今日取り上げるのは、自衛隊による国際貢献のあり方です。中谷防衛相は19日、アフリカ・南スーダンを訪れ、国際平和維持活動(PKO)にあたっている自衛隊の活動現場を視察しました。その中で、現在の安全保障法制では限界に達していると強調しました。政府は26日召集の通常国会に向けて活発に行動しています。

政府が考える法整備では、事態が発生してから特別措置法を作ってきた従来のやり方や、PKO法の制約を見直そうとしています。

中谷氏は、「『できる能力はある。しかし、日本はできないんです』ということで本当にいのか」と記者団に問題を投げかけました。

このことについて、次の3点を挙げたいと思います。

1、中谷氏の南スーダン訪問の背景には、PKO法について、特に国際協力の点に重点を置くイメージ戦略がある。安全な場所での国際貢献がまだ不十分だということをうまく見せる戦略で、国会論戦では強い材料になりそうだ。

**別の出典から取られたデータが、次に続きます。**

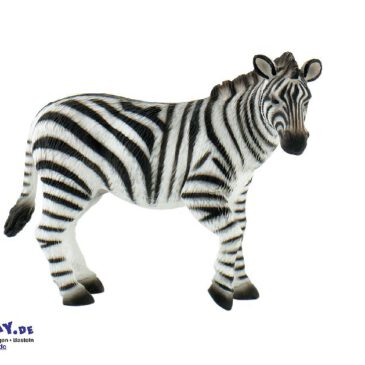 Zebra Spielfigur Zebras leben in großen Herden in Afrika ... Sie wissen genau, wer zu ihrer Familie gehört. Sie erkennen sich am Geruch, an der Stimme und an der Zeichnung ihrer Streifen. Gras und Kräuter gehören zu ihren Lieblingsessen, da sie reine Pflanzenfresser sind. Auch das Trinken ist für sie elementar, jedoch können sie bis zu drei Tage ohne Wasser auskommen. Das auffällige Streifenmuster dient vor allem der Regulierung der Körpertemperatur, hilft aber auch dabei Insekten abzuwehren und sich untereinander zu identifizieren. Die PVC-freie Spielfigur ist naturgetreu von Hand bemalt. Mit dem Gütesiegel SPIEL GUT ausgezeichnet.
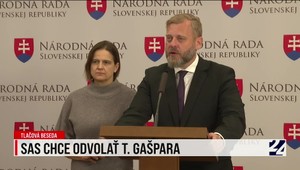 SaS chce odvolať T. Gašpara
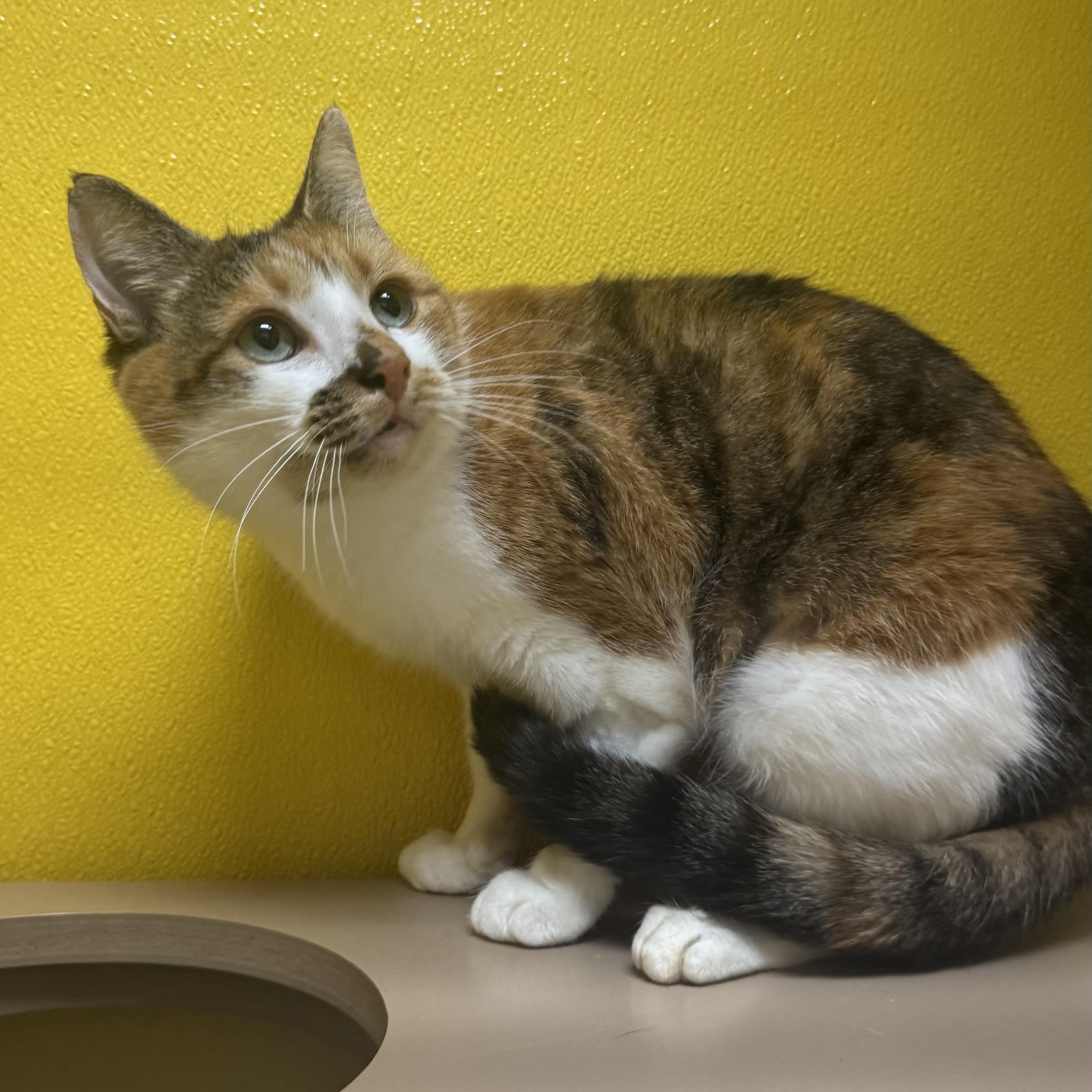 Enlarge Charlotte, an adoptable Domestic Short Hair in Fall River, MA image 2/5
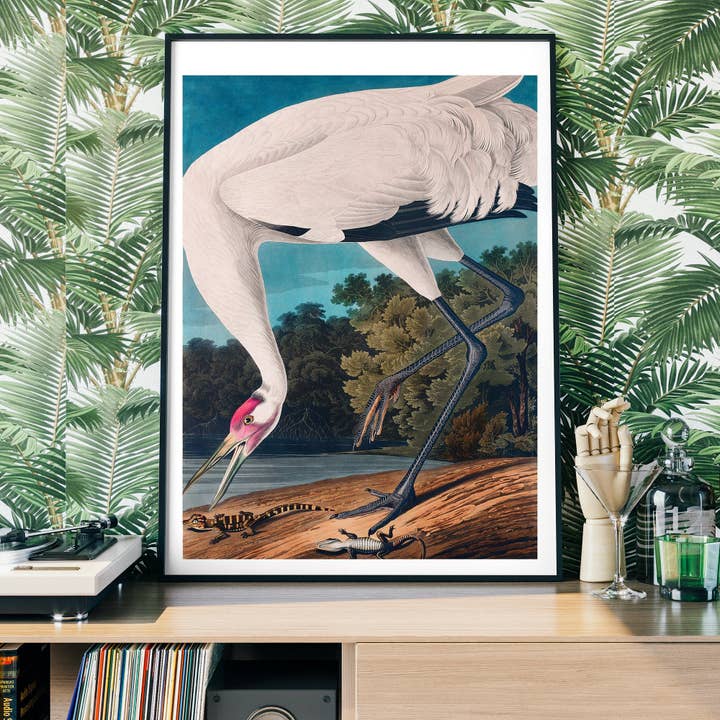 whooping crane vintage print 2 for wholesale by Ink & Drop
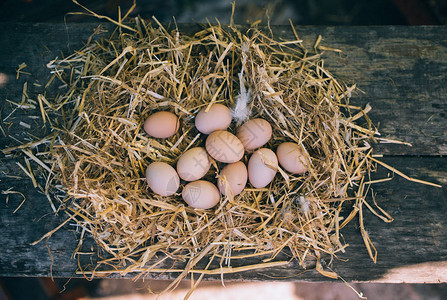 窝里有稻草的鸡有机鸡蛋图片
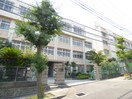 白川台中学校(中学校/中等教育学校)まで459m パークレット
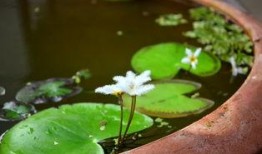 娱乐吃瓜君白莲花,娱乐吃瓜君的甜蜜诱惑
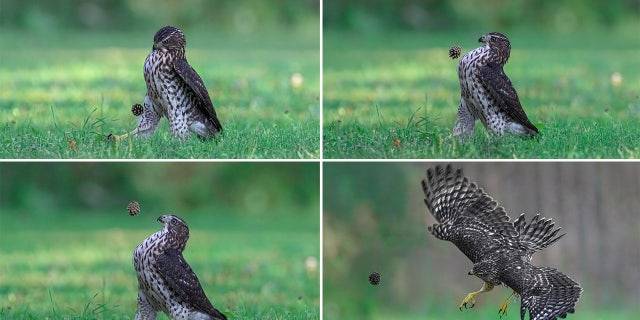 Jia Chen's "Football Dream" photo series won an Amazing Internet Portfolio Award from the 2022 Comedy Wildlife Photography Awards. The photo series shows a Coopers Hawk kicks a pinecone in Ontario, Canada.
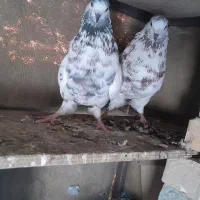 کبوتر‌گرگی‌ شیخی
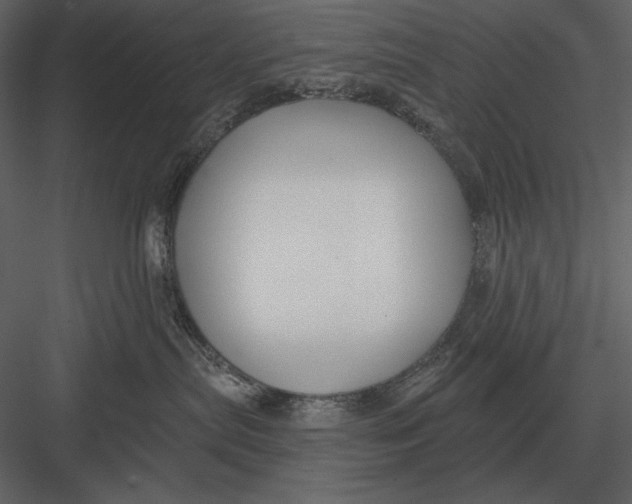 X0000082930287200702222228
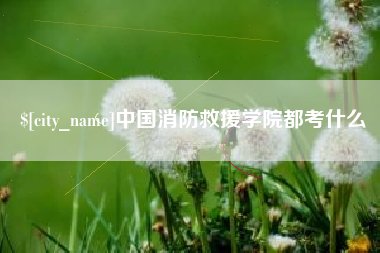 太康中国消防救援学院都考什么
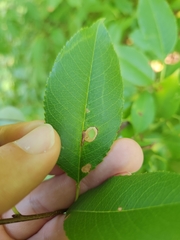 Coptodisca splendoriferella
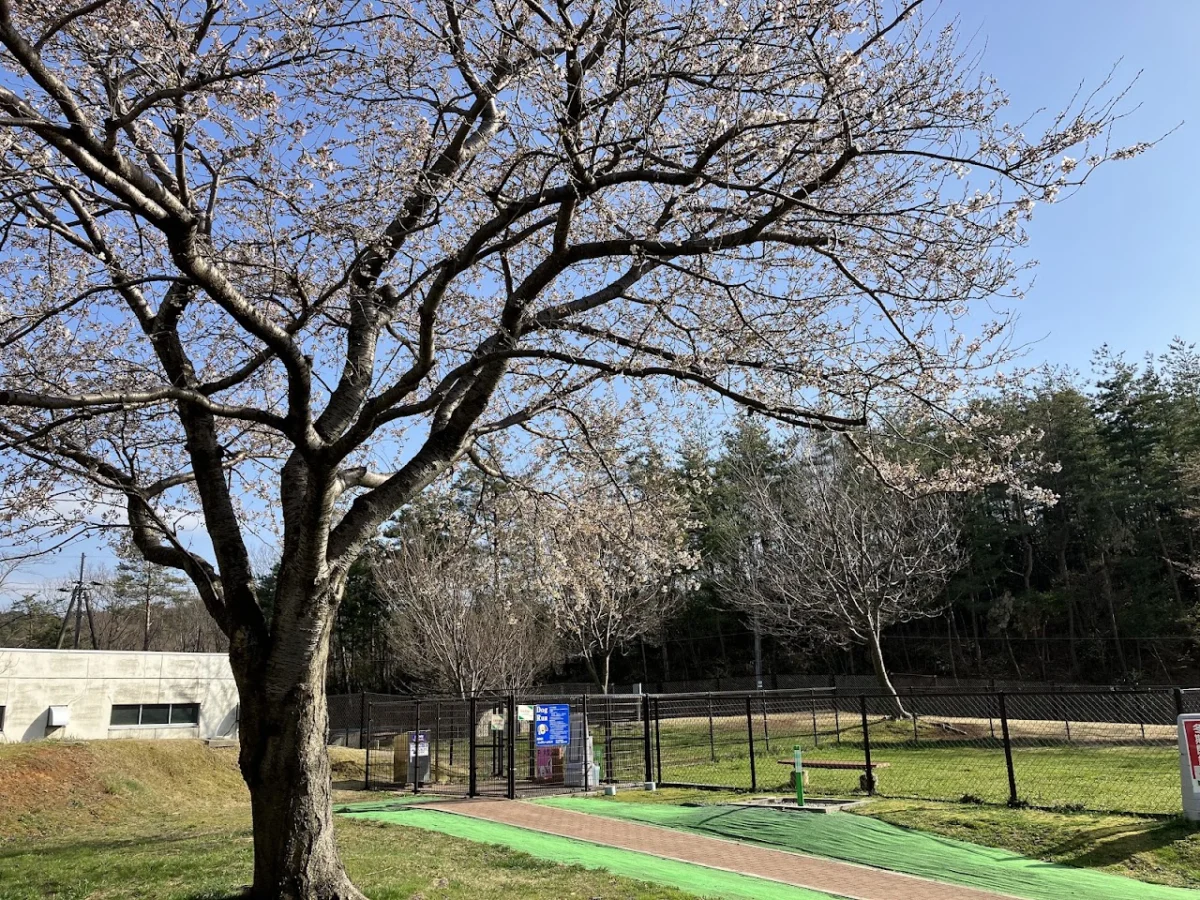 ドッグラン(米山SA上り）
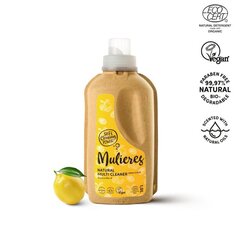 Universaalne puhastusvahend Fresh Citrus, 1 L цена и информация | Очистители | kaup24.ee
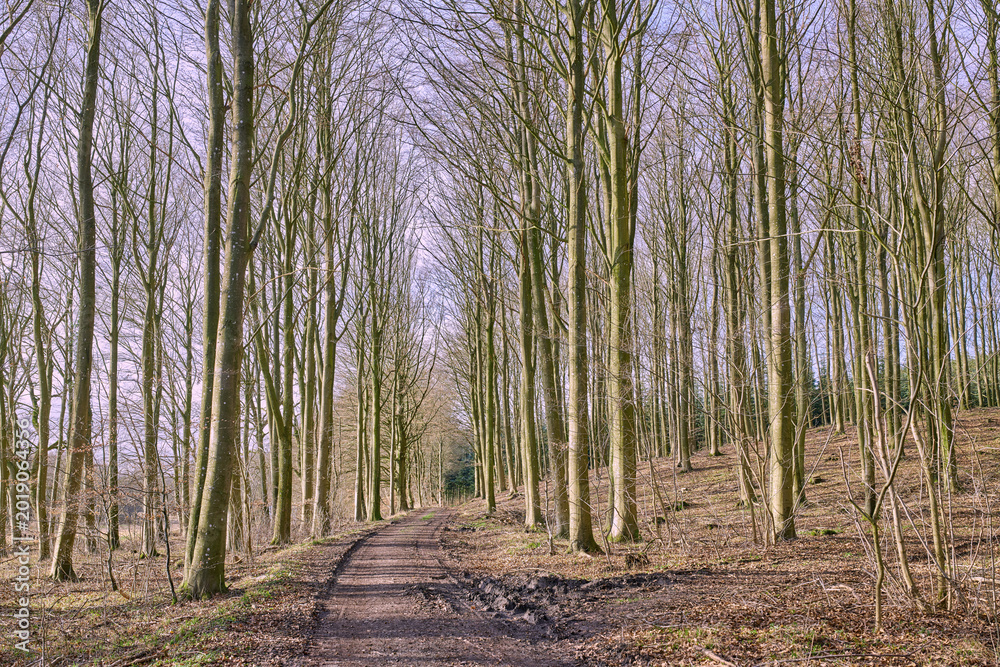 Obraz premium Landscape, path and bare trees in forest for travel environment, conservation and biodiversity. Outdoor, nature and woodland trail in countryside for eco tourism, natural ecosystem and empty branches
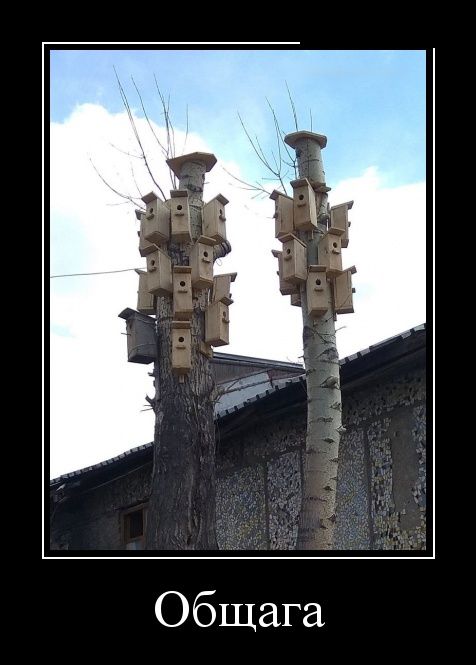 Демотиваторы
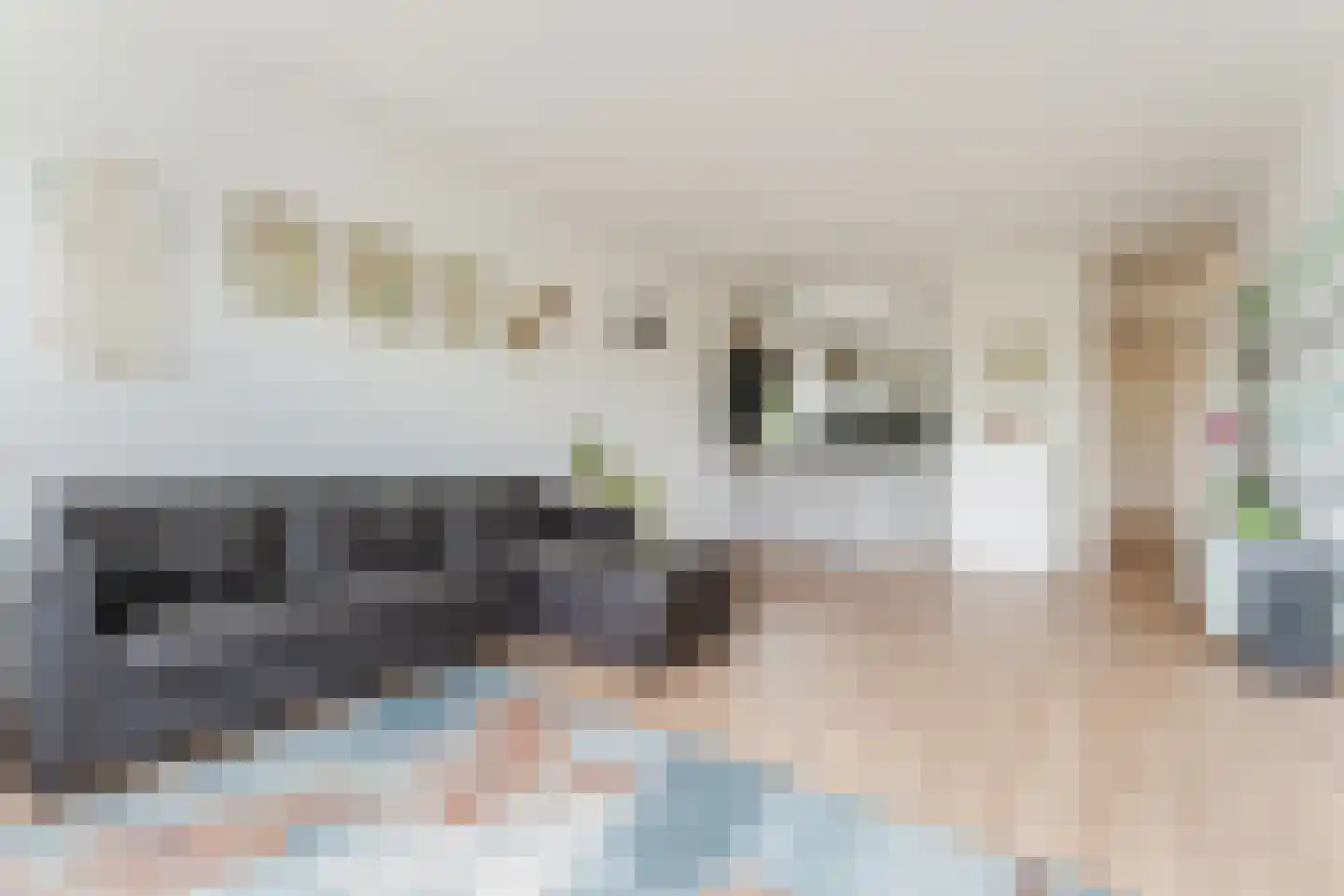 Graan voor Visch 16135 Hoofddorp thumbnail 8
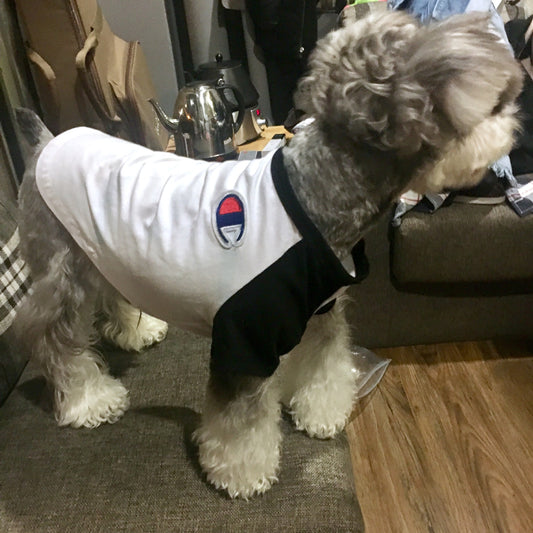 Pet Tide Summer T-Shirt for Dogs and Cats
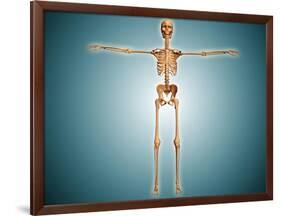 Front View of Human Skeletal System-null-Framed Art Print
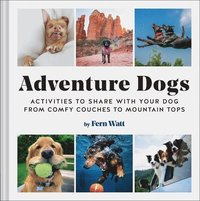 bokomslag Adventure Dogs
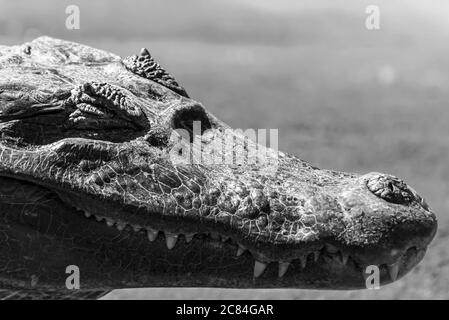 Photo noir et blanc en gros plan sur le visage de l’alligator Banque D'Images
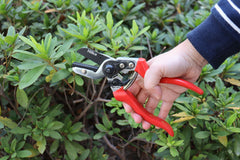 Hilka Deluxe Heavy Duty Anvil Secateurs 92105408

2、日本の国際貢献はどのくらい不十分なのか。国際社会(特に米国を始めとする国連)に対するイメージを気にしている感がある。なかでも中谷氏の「できない、でいいのか」という発言は、米国を強く意識している印象を受けた。

3、テロの標的にならないのか。米国で制定された「愛国者法」は2001年の同時多発テロ後に制定されたが、米捜査当局で拡大解釈されてしまった。日本政府が考える新法も同様の懸念が拭えないだけに、現行の特別措置法の方が安全なのではないか。

政府は、安全保障法制の関連法案を通常国会に提出する構えです。日本は国際社会でどのように対応するべきでしょうか。また、今回の中谷防衛相の訪問は、みなさんの目にどのように映りましたか。